New Delhi on Thursday strongly condemned the “highly irresponsible statements made by Pakistani leadership on matters internal to India”. Raveesh Kumar, Spokesman of the Indian Ministry of External Affairs said on Thursday that these statements include “references to jihad and to inciting violence in India”.

“This is intended to project an alarmist situation which is far from the reality on the ground. Pakistan needs to understand that the world has seen through their provocative and unsubstantiated rhetoric, which is based on lies and deceit,” said Raveesh Kumar.

The remarks come after Pakistan's Railways Minister Sheikh Rashid Ahmed said that a full-blown war with India may start in October or November.

The spokesman said, it is important for Pakistan to start behaving like a normal neighbour. “You don’t push terrorists into a neighbouring country?” he stated.

“We are aware that Pakistan uses terror as state policy and each time we have made them aware of our concerns. We have received info that Pakistan is trying to infiltrate terrorists. We demand that Pakistan must act against the terror groups operating on its soil,” said Raveesh Kumar.

Meanwhile, Pakistan Prime Minister Imran Khan has asked the people of his country to “show solidarity with the Kashmir people.

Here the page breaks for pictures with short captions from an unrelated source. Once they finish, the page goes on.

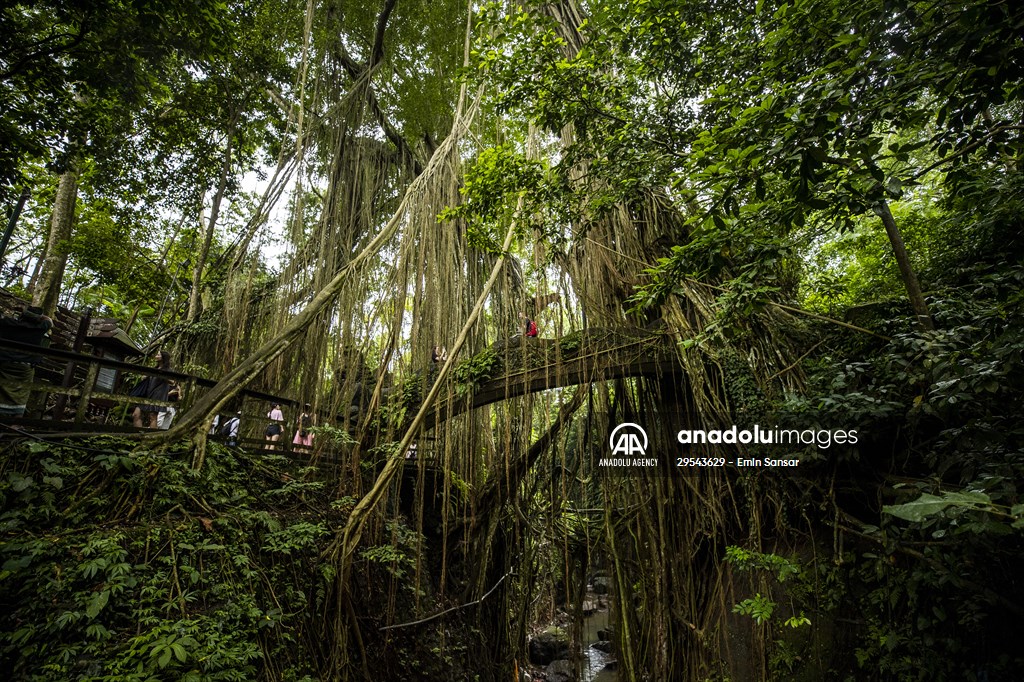 Sacred Monkey Forest Sanctuary hosts visitors in Indonesia's Bali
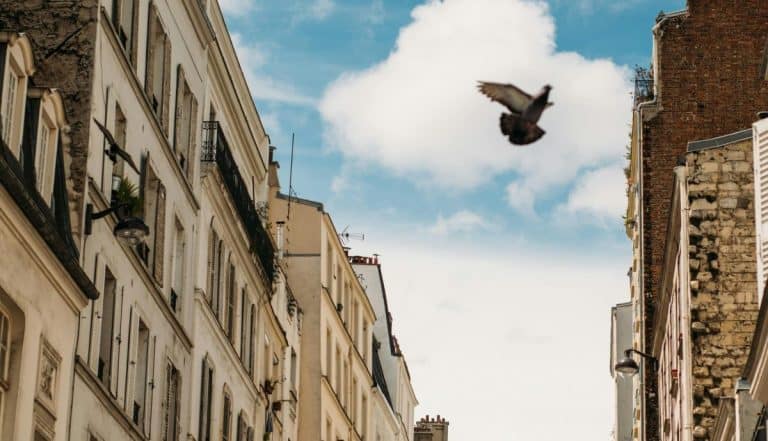 Opportunités immobilières à sens : ce qu’une agence locale peut vous apporter aujourd’hui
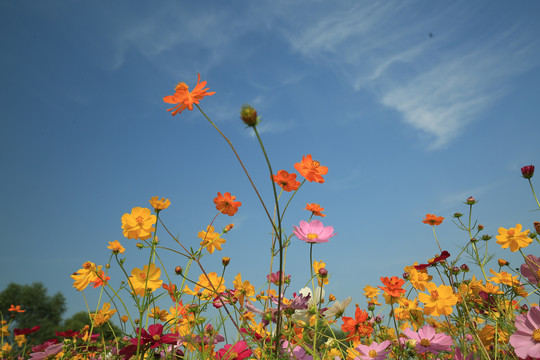 仰拍波斯菊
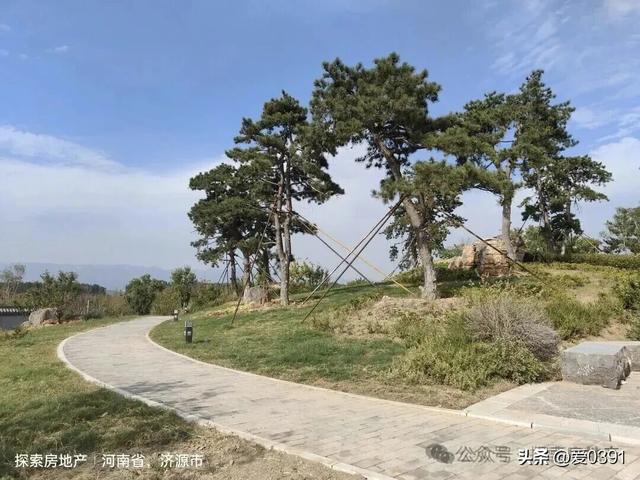 济源又一个生态公园春节期间盛装迎客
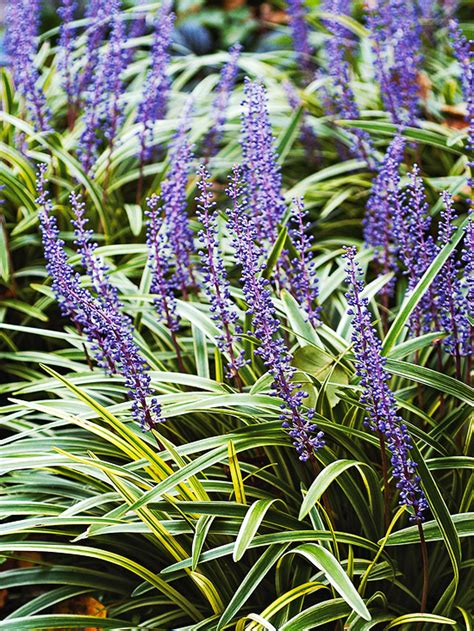 The 10 Best Perennials For Shade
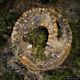 Bauladu: il nuraghe Crabia: veduta dall’alto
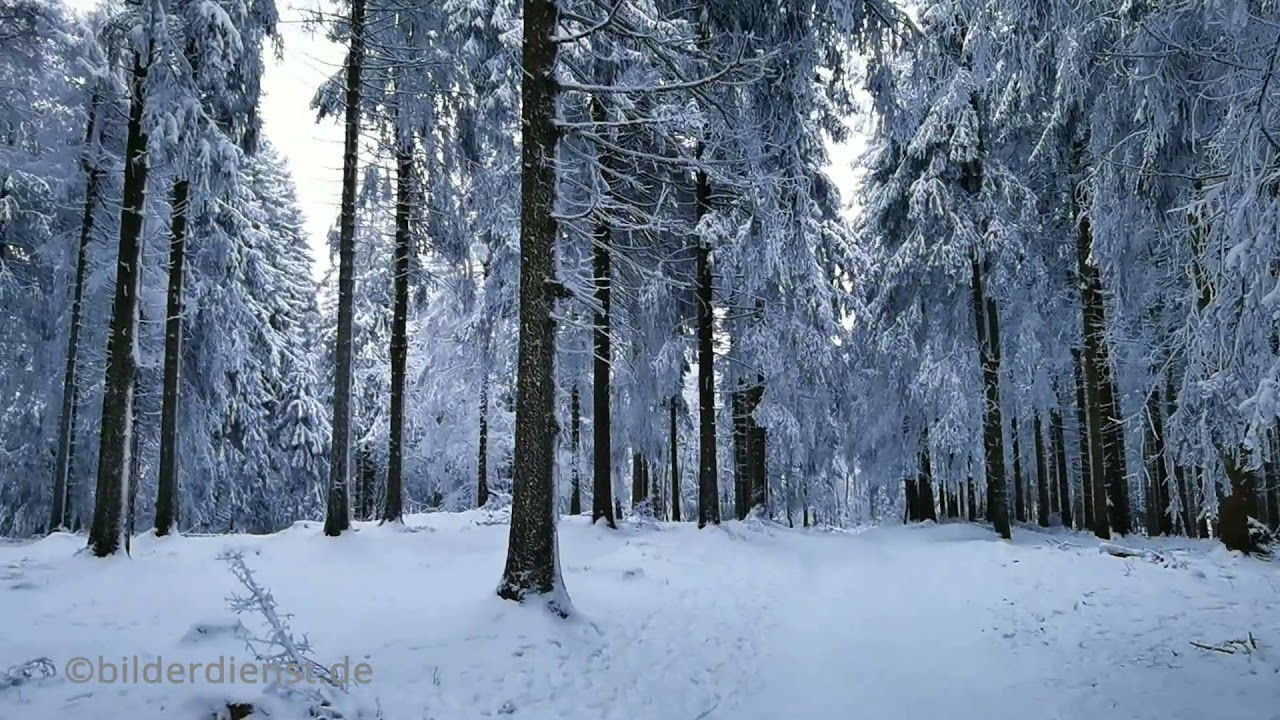 Winter im Sauerland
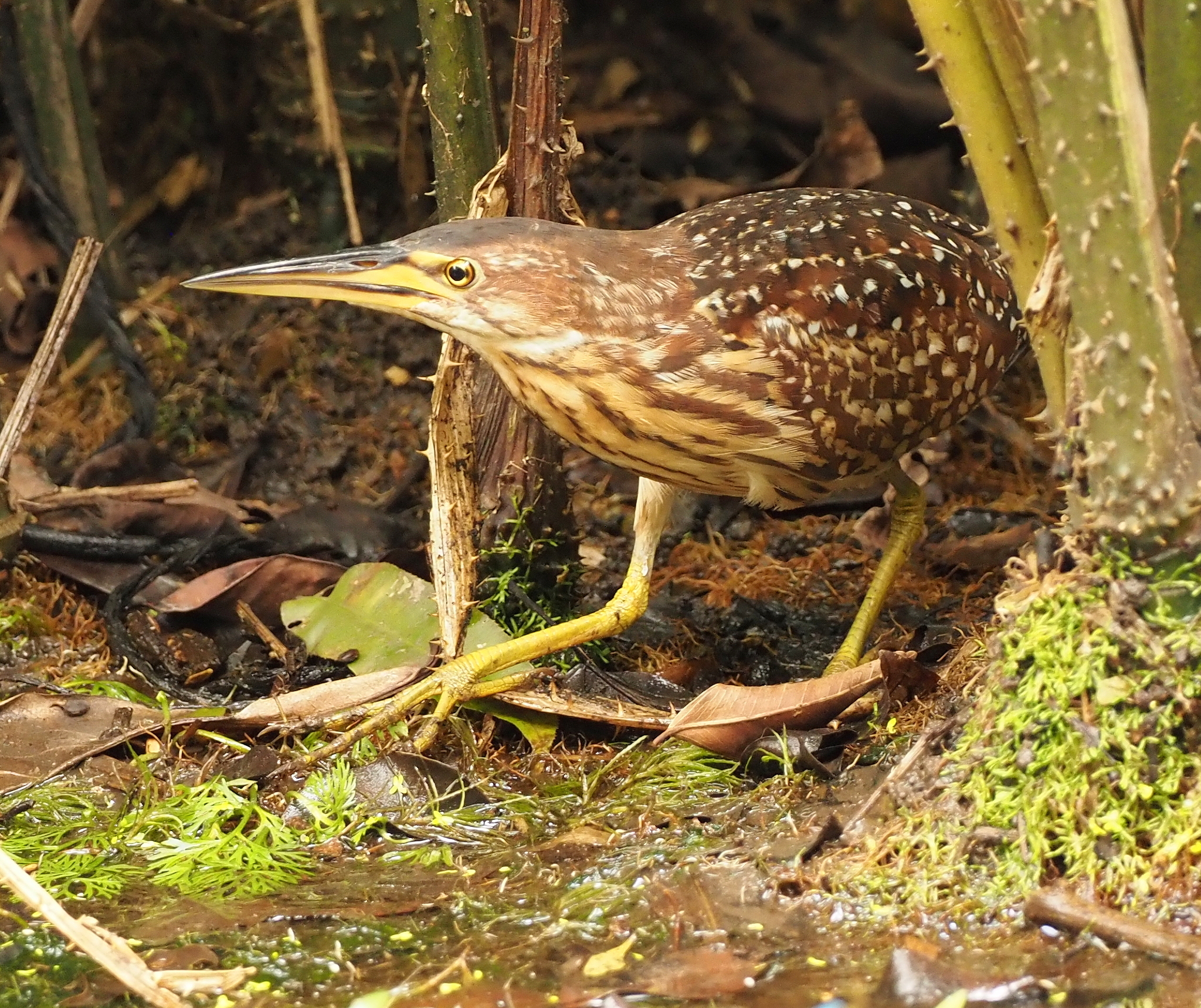 Schrenck's Bittern illustration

​Ever since New Delhi scrapped Article 370 and 35A, which had granted special status to Jammu and Kashmir, the armies of both countries have exchanged in heavy shelling along the Line of Control (LoC).

Pakistan, which claims to be stakeholder on Kashmir, came out strongly against the Indian decision and in protest, expelled the Indian envoy to Islamabad, scaled back its diplomatic mission in New Delhi, suspended trade and snapped communication links. Islamabad has also threatened to close its airspace to India. 

Kashmir has been a bone of contention between the two countries since they gained freedom from British colonial rule in 1947. Both govern it in parts, but claim it in full. They've also fought two wars over Kashmir.